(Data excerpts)
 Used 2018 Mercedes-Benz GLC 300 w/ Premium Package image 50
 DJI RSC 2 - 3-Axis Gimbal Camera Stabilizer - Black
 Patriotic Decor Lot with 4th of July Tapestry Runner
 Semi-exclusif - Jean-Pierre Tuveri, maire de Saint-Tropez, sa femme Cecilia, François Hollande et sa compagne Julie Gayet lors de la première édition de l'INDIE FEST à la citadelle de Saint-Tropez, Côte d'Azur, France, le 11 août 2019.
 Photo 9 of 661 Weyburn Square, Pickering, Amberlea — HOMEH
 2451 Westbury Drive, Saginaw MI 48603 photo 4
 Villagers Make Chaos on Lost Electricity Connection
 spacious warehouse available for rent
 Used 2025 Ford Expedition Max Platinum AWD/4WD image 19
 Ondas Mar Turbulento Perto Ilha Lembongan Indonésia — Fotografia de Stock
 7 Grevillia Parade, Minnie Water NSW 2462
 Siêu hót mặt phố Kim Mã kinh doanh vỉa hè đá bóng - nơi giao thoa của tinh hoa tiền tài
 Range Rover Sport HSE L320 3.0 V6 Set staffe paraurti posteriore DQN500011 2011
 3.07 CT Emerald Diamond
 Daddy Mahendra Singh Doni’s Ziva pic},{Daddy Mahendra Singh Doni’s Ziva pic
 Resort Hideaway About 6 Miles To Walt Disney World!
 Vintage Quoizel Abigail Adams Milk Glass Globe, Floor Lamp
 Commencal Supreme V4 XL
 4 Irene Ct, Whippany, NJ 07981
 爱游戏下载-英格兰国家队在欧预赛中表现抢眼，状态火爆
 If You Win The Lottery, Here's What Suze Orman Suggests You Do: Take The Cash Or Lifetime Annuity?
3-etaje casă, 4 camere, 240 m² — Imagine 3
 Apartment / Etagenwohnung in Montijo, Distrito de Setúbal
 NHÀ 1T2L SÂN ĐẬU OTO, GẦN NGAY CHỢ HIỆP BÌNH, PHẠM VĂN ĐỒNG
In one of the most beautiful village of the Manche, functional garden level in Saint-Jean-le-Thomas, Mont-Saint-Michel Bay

Exercise - Transcribe the data above completely and exactly.

Solution to this task -
 Used 2018 Mercedes-Benz GLC 300 w/ Premium Package image 50
 DJI RSC 2 - 3-Axis Gimbal Camera Stabilizer - Black
 Patriotic Decor Lot with 4th of July Tapestry Runner
 Semi-exclusif - Jean-Pierre Tuveri, maire de Saint-Tropez, sa femme Cecilia, François Hollande et sa compagne Julie Gayet lors de la première édition de l'INDIE FEST à la citadelle de Saint-Tropez, Côte d'Azur, France, le 11 août 2019.
 Photo 9 of 661 Weyburn Square, Pickering, Amberlea — HOMEH
 2451 Westbury Drive, Saginaw MI 48603 photo 4
 Villagers Make Chaos on Lost Electricity Connection
 spacious warehouse available for rent
 Used 2025 Ford Expedition Max Platinum AWD/4WD image 19
 Ondas Mar Turbulento Perto Ilha Lembongan Indonésia — Fotografia de Stock
 7 Grevillia Parade, Minnie Water NSW 2462
 Siêu hót mặt phố Kim Mã kinh doanh vỉa hè đá bóng - nơi giao thoa của tinh hoa tiền tài
 Range Rover Sport HSE L320 3.0 V6 Set staffe paraurti posteriore DQN500011 2011
 3.07 CT Emerald Diamond
 Daddy Mahendra Singh Doni’s Ziva pic},{Daddy Mahendra Singh Doni’s Ziva pic
 Resort Hideaway About 6 Miles To Walt Disney World!
 Vintage Quoizel Abigail Adams Milk Glass Globe, Floor Lamp
 Commencal Supreme V4 XL
 4 Irene Ct, Whippany, NJ 07981
 爱游戏下载-英格兰国家队在欧预赛中表现抢眼，状态火爆
 If You Win The Lottery, Here's What Suze Orman Suggests You Do: Take The Cash Or Lifetime Annuity?
3-etaje casă, 4 camere, 240 m² — Imagine 3
 Apartment / Etagenwohnung in Montijo, Distrito de Setúbal
 NHÀ 1T2L SÂN ĐẬU OTO, GẦN NGAY CHỢ HIỆP BÌNH, PHẠM VĂN ĐỒNG
In one of the most beautiful village of the Manche, functional garden level in Saint-Jean-le-Thomas, Mont-Saint-Michel Bay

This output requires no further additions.